▶ [TASK REQUIREMENTS]
The data must be copied over exactly and in full.

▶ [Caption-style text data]
************

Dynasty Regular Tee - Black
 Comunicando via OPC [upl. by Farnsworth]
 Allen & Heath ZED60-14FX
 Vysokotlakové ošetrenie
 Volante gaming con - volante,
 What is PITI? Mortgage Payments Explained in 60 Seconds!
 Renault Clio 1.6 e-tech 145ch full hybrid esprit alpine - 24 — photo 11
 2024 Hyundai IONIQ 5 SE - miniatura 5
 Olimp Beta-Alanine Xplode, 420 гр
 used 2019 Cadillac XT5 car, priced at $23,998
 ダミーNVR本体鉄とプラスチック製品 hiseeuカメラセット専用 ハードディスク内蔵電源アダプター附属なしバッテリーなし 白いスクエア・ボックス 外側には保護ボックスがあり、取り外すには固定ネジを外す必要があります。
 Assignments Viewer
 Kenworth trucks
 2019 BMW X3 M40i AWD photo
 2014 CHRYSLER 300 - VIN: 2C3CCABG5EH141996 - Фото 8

************

▶ [WRITTEN REPLY]
Dynasty Regular Tee - Black
 Comunicando via OPC [upl. by Farnsworth]
 Allen & Heath ZED60-14FX
 Vysokotlakové ošetrenie
 Volante gaming con - volante,
 What is PITI? Mortgage Payments Explained in 60 Seconds!
 Renault Clio 1.6 e-tech 145ch full hybrid esprit alpine - 24 — photo 11
 2024 Hyundai IONIQ 5 SE - miniatura 5
 Olimp Beta-Alanine Xplode, 420 гр
 used 2019 Cadillac XT5 car, priced at $23,998
 ダミーNVR本体鉄とプラスチック製品 hiseeuカメラセット専用 ハードディスク内蔵電源アダプター附属なしバッテリーなし 白いスクエア・ボックス 外側には保護ボックスがあり、取り外すには固定ネジを外す必要があります。
 Assignments Viewer
 Kenworth trucks
 2019 BMW X3 M40i AWD photo
 2014 CHRYSLER 300 - VIN: 2C3CCABG5EH141996 - Фото 8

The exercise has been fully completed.